- **Exercise instructions**: Write out the data below in full, unchanged, minus the images.

- **Source material**:

+++++

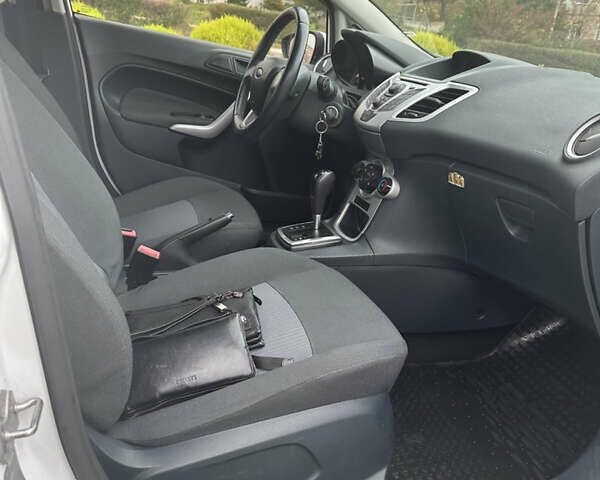 Белый Форд Фиеста, объемом двигателя 1.39 л и пробегом 90 тыс. км за 7500 $, фото 6 на Automoto.ua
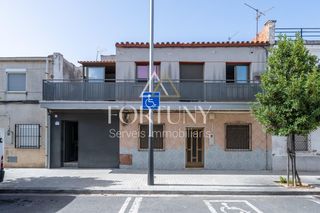 Reihenhaus in Ponent. Casa adosada en venta en almirall recasens, en reus.
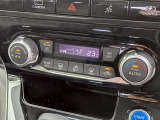 オートエアコンで温度を設定するだけで快適な車内環境を維持することができます!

+++++

- **Result of the task**:
 Белый Форд Фиеста, объемом двигателя 1.39 л и пробегом 90 тыс. км за 7500 $, фото 6 на Automoto.ua
 Reihenhaus in Ponent. Casa adosada en venta en almirall recasens, en reus.
 オートエアコンで温度を設定するだけで快適な車内環境を維持することができます!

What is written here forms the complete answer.